The competition order–that “reach(es) from the FDA to the Pentagon”–includes “directives… such as rules that would help chicken farmers and ranchers… win claims against poultry and meat packers, and (a) better-defined ‘Product of the USA’ label,” explained Bloomberg.
While farmers and ranchers have waited decades to hear those words, the July 9 edict is the easy part. The really “heavy lift” is making the words a reality, relates Diana Moss, president of the American Antitrust Institute, a Washington, D.C.-based non-profit that promotes competition.
For example, she explains in a telephone interview, “Technically it’s possible to break up the meatpacker cartel,” one of the order’s biggest targets, “through antitrust prosecution.” And, in fact, the Administration is trying to do just that in several “cases against Big Tech right now.”
However, since “the packer cartel is in the middle of the food supply chain”–it buys livestock and poultry from farmers and ranchers to process and sell to the public–any disruption like, say, an antitrust action, could have severe consequences on the nation’s food supply and distribution.
A better approach, Moss suggests, is through more coordinated public policy actions. First, yes, aggressive antitrust action in the courts. Second, tougher “regulatory oversight from the U.S. Department of Agriculture” (USDA), and third, “legislative help to level the playing field” like “reforming the Packers and Stockyards Act.”
And, she adds, everyone should be aware “that the bigger the problem, the bigger the fix”: Farmers, ranchers, their farm groups, Congress, the Department of Justice, and USDA need to go big on all three fronts if challenged on any one of them.
Some pros already are. A mid-July podcast hosted by Moss featured two, Patrick Robinette who owns Micro Summit Processors in Micro, NC, and Mike Callicrate, a rancher and owner of Ranch Foods Direct of St. Francis, KS. Both have had long, painful dealings with meatpackers.
“When I started feeding cattle in 1978,” Callicrate relates, “I had 20 nearby packers… and 65 to 70 percent of the consumer dollar came back to the cattle producer. Early last summer”–after decades of meatpacker consolidation–“that fell to 27 percent.” That collapse means a “massive extraction of wealth from the farmer and rancher.”
It also had a huge impact on the local and regional economies. As four packers came to dominate the national meat scene, “We saw our regional food system simply disappear because almost all of our local business was gone.”
Robinette, 1,500 miles away in North Carolina, agrees; today’s heavily concentrated, deeply integrated food system “has no pathways… to accommodate small producers.”

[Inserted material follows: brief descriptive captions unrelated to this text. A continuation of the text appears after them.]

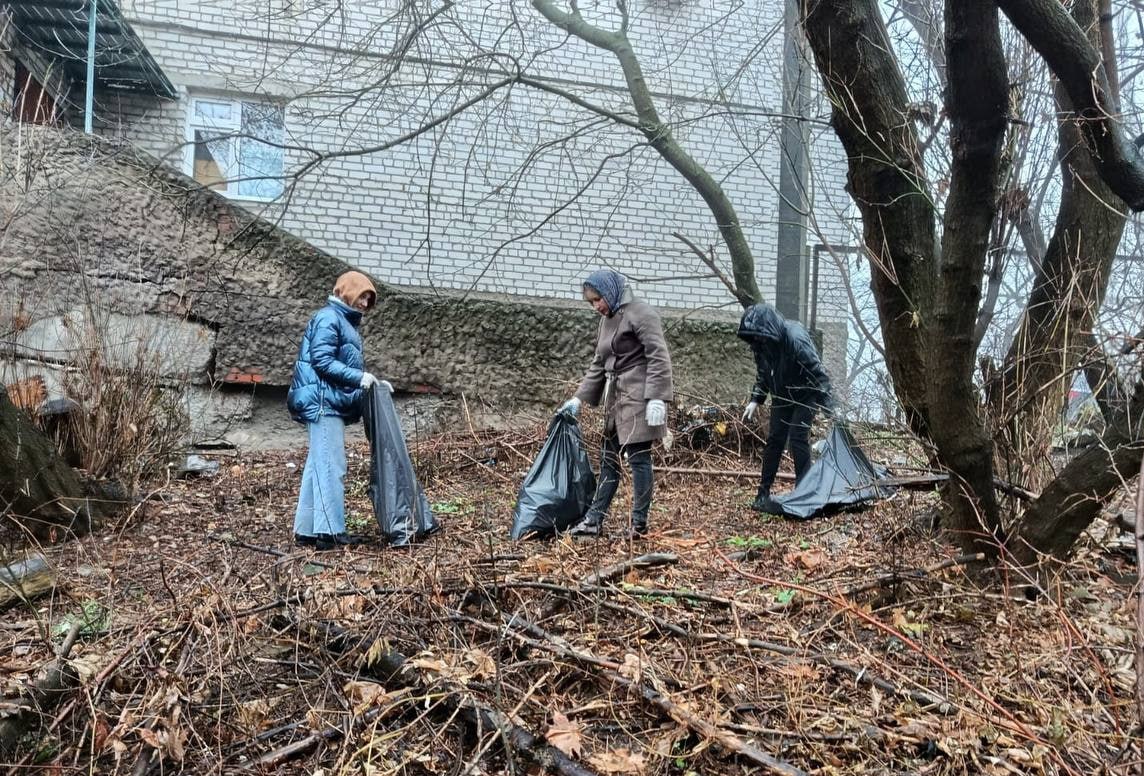 В округах продолжаются субботники В округах продолжаются субботники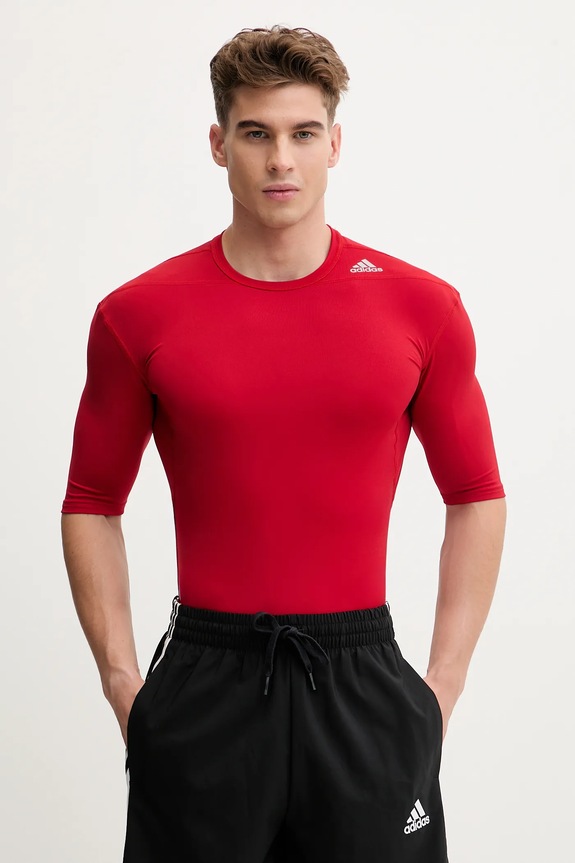 Μπλουζάκι προπόνησης adidas TECHFIT BASE με ελαστάν κόκκινο D82089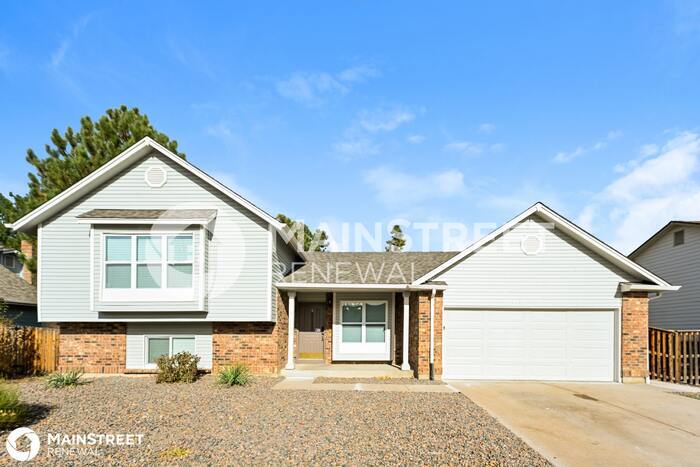 Foto principal - 18885 Kelly Pl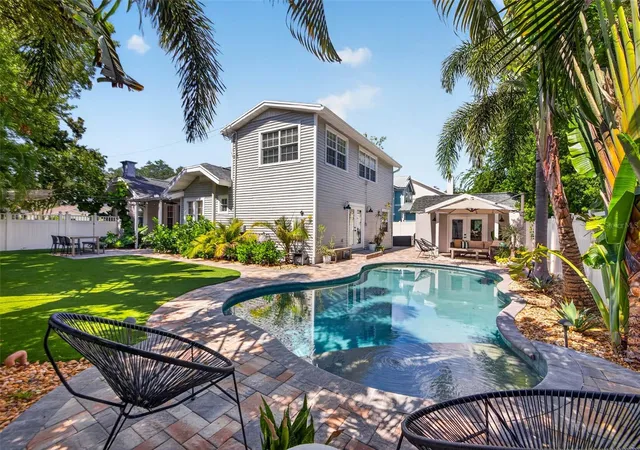 Photo 4 of Single family home for sale at 3917 W San Juan St, Tampa, FL 33629 | MLS# TB8557763 | Listing updated on 2026-10-19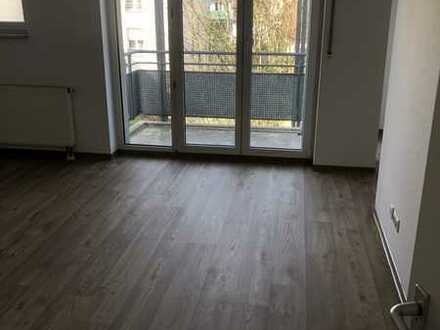 zentrale 2-Zi.-Wohnung in guter Lage mit Balkon u. energetischer Sanierung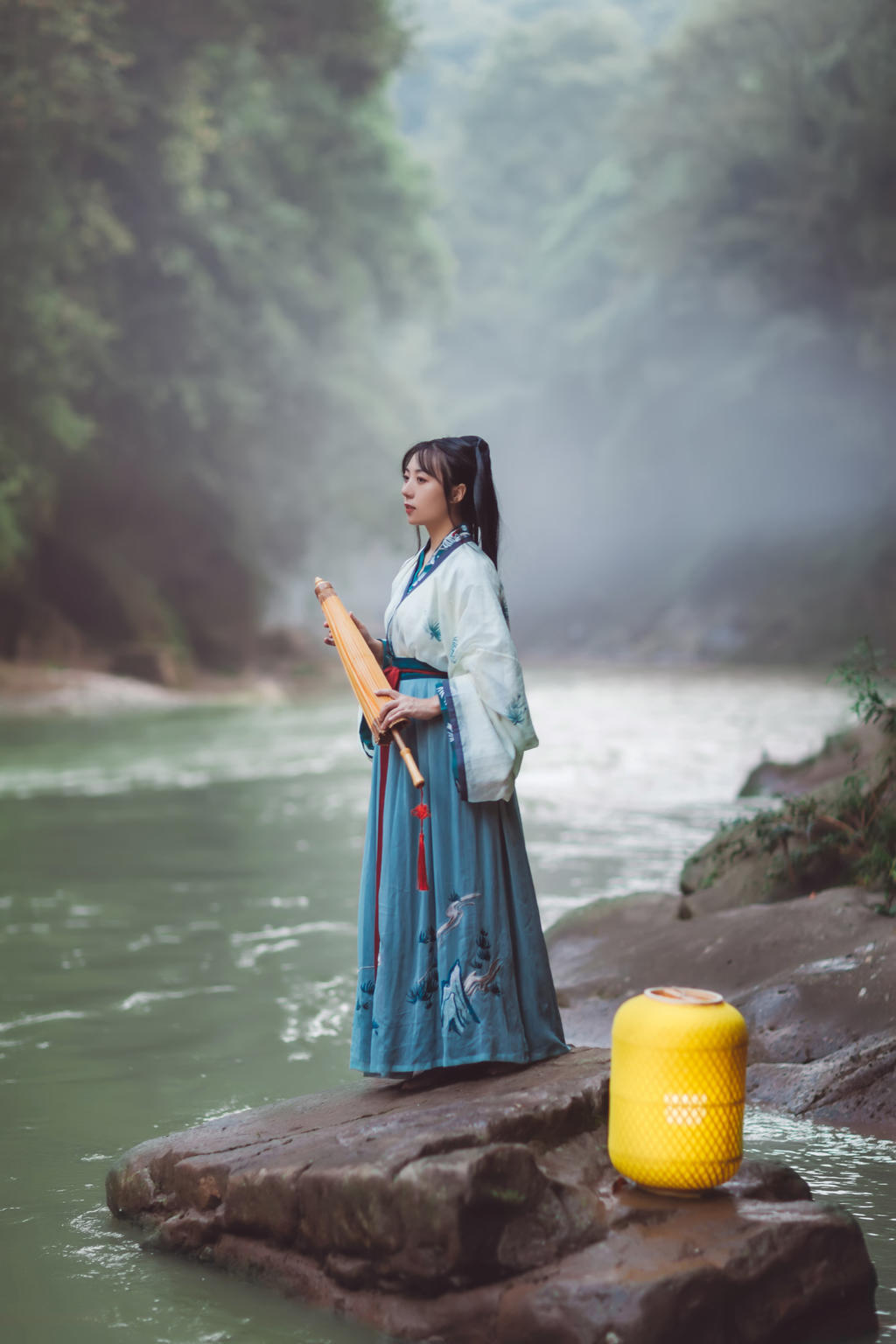 竹排上的汉服美女长发及腰摄影写真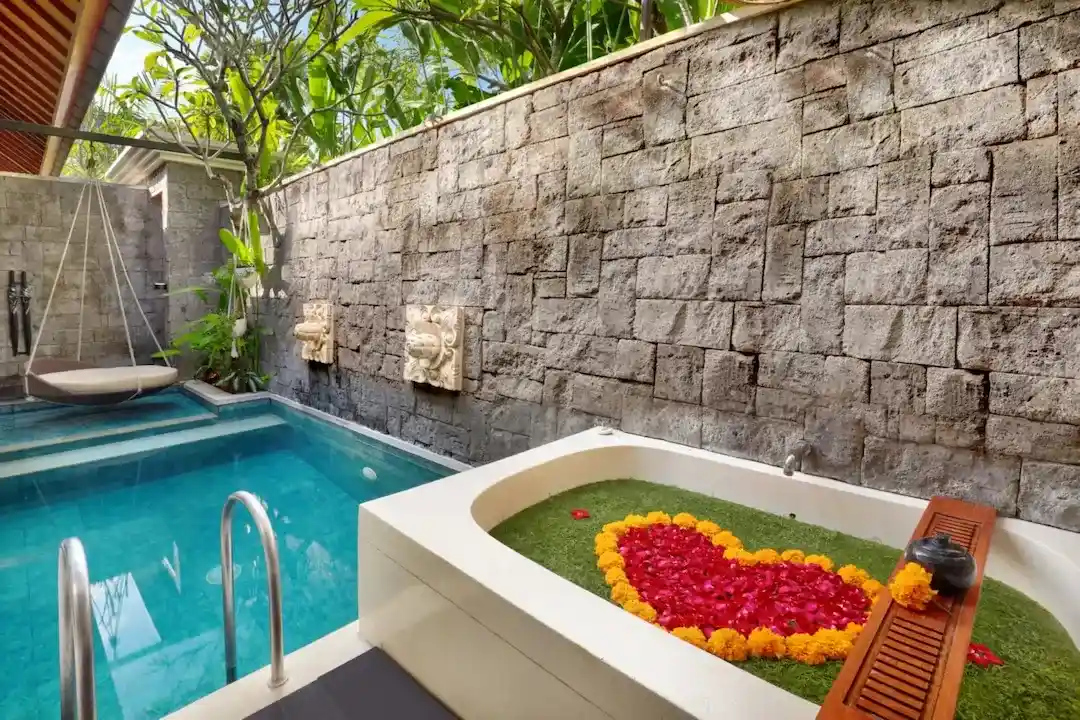 TROPICAL DECOR ON JACUZZI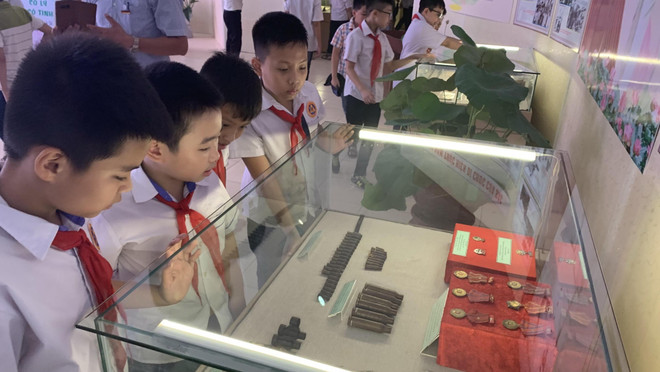 胡志明主席遗嘱执行50周年图片展在海阳省举行 ảnh 1 胡志明主席遗嘱执行50周年图片展在海阳省举行 ảnh 1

And transnational meatpackers aren’t the only problem; an evermore monolithic USDA is a growing headache, also.
“Often USDA is confrontational,” says Robinette who deals with federal meat inspectors daily. “They’d be happier if they could turn us into the next Tyson” because they can deal with big; it’s what they are trained to do. Small, however, confounds them.
That’s especially true when it comes to country of origin labeling, or COOL, say the local producers. Hard as it is to believe, USDA still opposes COOL because, as Secretary of Agriculture Tom Vilsack claims, labeling U.S. meat violates several free trade agreements.
That stance, however, gives multinational packers license to source meat from dozens of nations, have it stamped “USDA Inspected,” and sell it to an unknowing American public as U.S.-grown meat while deeply undermining American ranchers and farmers like Callicrate and Robinette.
Vilsack is now talking about a label that reads “Product of the USA,” but Callicrate and Robinette are leery of Big Meat’s lobbying muscle.
Which goes back to Moss’s integrated public policy approach to make the Biden initiative bite: The courts, the regulators, Congress, and the farm and ranching public all have to do their share of lifting if there’s any chance for all to be lifted.